Managing data across Agile, DevOps and IT Service Management
- by 7wData
IT organizations need a clear understanding of what the data means to its users. Whether that data is obtained from a tablet, smartphone, or even a mainframe, data definition needs to be obvious and meaningful to everyone concerned.
Applications are written to manage data and to help transform data into knowledge. When designing data for an application, developers work from a vision of the data that the app will use and/or need to do its job. For example:
A data model, a blueprint of an application’s entities, attributes and relationships, helps to visualize those entities, attributes, and relationships and communicate how the data works together. Think of an entity as a physical object, such as a customer or a product (the tee shirt above), or something more abstract such as a flight reservation.
Attributes are the entity’s characteristics (like the tee shirt’s size), and relationships describe associations among entities, such as the relationship between a customer and the online customer service rep.

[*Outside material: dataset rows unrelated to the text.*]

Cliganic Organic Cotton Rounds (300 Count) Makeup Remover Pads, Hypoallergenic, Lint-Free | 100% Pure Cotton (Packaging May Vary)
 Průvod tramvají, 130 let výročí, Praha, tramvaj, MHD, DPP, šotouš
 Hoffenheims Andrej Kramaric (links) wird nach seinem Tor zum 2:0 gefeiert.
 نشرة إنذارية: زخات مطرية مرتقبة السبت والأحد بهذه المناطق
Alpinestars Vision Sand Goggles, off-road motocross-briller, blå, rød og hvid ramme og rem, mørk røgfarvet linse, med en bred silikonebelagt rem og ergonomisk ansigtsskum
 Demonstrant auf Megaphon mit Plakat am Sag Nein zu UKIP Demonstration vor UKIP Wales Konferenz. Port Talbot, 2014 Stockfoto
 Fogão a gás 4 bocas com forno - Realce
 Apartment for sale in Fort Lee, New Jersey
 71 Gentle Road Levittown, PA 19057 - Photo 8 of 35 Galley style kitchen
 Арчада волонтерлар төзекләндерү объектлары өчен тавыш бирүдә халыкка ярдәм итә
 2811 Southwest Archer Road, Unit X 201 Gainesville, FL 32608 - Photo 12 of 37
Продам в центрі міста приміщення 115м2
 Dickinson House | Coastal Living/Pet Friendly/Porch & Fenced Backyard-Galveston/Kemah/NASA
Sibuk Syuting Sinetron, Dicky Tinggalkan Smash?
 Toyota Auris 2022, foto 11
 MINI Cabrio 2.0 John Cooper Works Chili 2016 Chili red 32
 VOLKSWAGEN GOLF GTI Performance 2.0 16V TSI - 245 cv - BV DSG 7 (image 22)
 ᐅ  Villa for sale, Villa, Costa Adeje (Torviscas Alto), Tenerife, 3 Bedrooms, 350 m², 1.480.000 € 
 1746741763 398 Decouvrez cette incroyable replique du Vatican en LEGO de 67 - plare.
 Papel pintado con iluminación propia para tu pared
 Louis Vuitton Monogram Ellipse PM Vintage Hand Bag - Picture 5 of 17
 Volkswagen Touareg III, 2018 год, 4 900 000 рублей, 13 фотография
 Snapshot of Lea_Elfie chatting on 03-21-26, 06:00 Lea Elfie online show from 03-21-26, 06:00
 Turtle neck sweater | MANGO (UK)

The challenge, of course, is designing applications that integrate with and add value to a company’s already existing portfolio of applications. When the business rules or end-user requirements of one department’s application differ from those in another department’s application, the applications’ data models are incompatible.
That’s when developers need to step back to gain a broader vision and establish corporate-wide data definitions. These definitions are essential in helping to enforce standards that facilitate application integration.